I have blood test on Monday. I'm hoping the results stop my worrying.

0 likes, 9 replies

9 Replies

  • Posted

    Don't worry about it man you're fine. It's just healthy anxiety I had it too but I finally acknowledged it was all in my head. Trust me you'll be fine .

    Best advice I'll give you is. STAY OFF OF GOOGLE. I. Repeat STAY OFF OF GOOGLE.

    Made my life hell . Literally HELL gave me worse anxiety and depression. You're fine . The more you look at Google and get a disease back the more you'll "magically" fit in with the symptoms you'll even make your body start feeling them.

    • Posted

      Thank you for the reply,

      That's what I'm thinking, do you think I should speak to my GP about it?

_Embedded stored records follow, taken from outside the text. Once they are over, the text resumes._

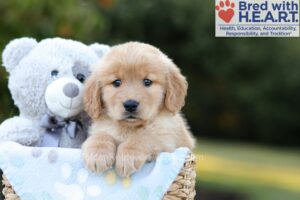 Image of Blake, a Golden Retriever puppy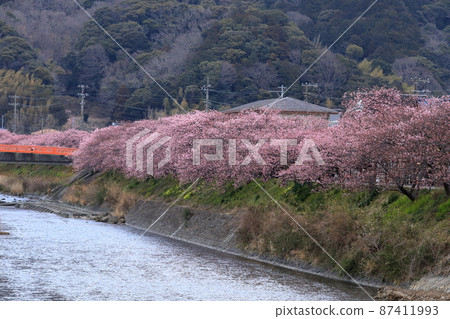 伊豆河津川沿岸的一排櫻花樹 伊豆河津川沿岸的一排櫻花樹 87411993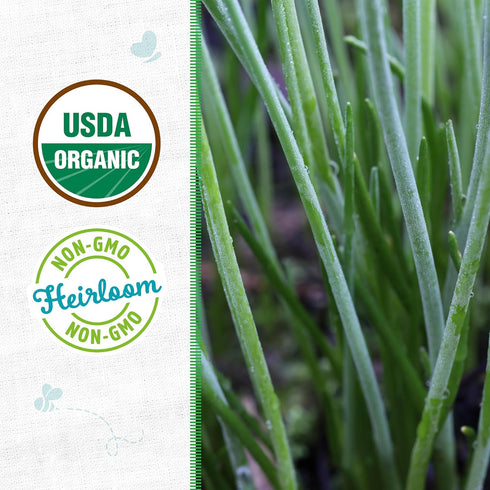 100% Packet 140mg Back to The Roots Organic Seed - Chives 'Garlic'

      I think the stress is putting me off my food and cause my stomach pains, which in turn I believe I have a serious illness like last night I felt so drained I went to bed at 8pm and didn't wake until 7am.

    • Posted

      Speak to him to refer you to a mental health clinic unless he himself can possibly give you anxiety medication but maybe some therapy could help you out if you feel like you need the help. Just each day remember that you wake up tell yourself that you freaked out all these other days for nothing cause if something was seriously wrong youd be dead. That's what I told myself I went to the ER so many times I lost count. And each time i was fine. Google just messed me up and now I'm paying for it because it heightened my anxiety. Don't let that happen to you and then you'll get bad migraines. Just try to relax and remember that you're fine

    • Posted

      I agree totally with eduardo and  jmcg. As to stomach... when we are stressed the first system to partially or completely sht down is the digetive. Food stays right where it is and starts to decompose before it's supposed and that equals gas and discomfort. Wat nothing or very lightly durinng stress episodes....apple sauce, chicken broth with a few crackers crushed in. a soft boiled egg, etc. or just fruit drinks.....orange juice seems to help.

  • Posted

    You already know the results of the tests will do nothing to reassure you, you'll just move on to something else. That's how health anxiety works. See your dr and tell them about your fixation on your health and ask for a referral to Psychotherapy. And stay off Google

    • Posted

      Thank you JMCG,

      That helps.... I understand, I'll ask my GP tomorrow.

      It's getting on top of me I wouldn't wish this on anyone.

      The constaint thought of a serious illness being present or about to be is horrible and scary as hell.

      Any suggestions to help get this off my mind, I not Google illness ever again ! I'll fight my urge!

  • Posted

    Hi guys, I'm so glad I read this because it sounds exactly like me. I've always been a worryier but for the last week I have had sever anxiety, thinking that everything is wrong with me and nothing every little pain ache on my body. I've been to the doctors and she's put me on 10mg propranolol 3 times a day. I've been taking it for a few days so we will see what happens but it's beginning to really get me down. I'm constantly worrying which means I then get tense and my muscles ache and then I worry more and I just cannot shift this horrible churning butterfly feeling in my stomach, it's got to the point where I can't remember feeling normal because all I've done is worry. sad it's nice to hear people going through the same in a way X

    • Posted

      It's not nice.

      Have you noticed any change in bowl movement I seem to be going a lot but not really eating which is really worrying me.

  • Posted

    Hi guys,

    So my blood results come back clear.

    However, Still petrified that may body is going to quit on me, I can't eat hardly and fill sick of the thought, I can't remember the last time I felt like eating. Iv lost 6lb in two weeks. I have diahirre every morning about 35 mins of waking up.

    Thoughts in my head that I'm going to die soon and after it's just blackness forever, I see my loved ones struggling to help me and I keep worrying about loved ones health also even my dog.

    I need to talk to someone, the best part of the day is going to sleep, no worrying the worst part is the mornings and waking up. Days seem forever.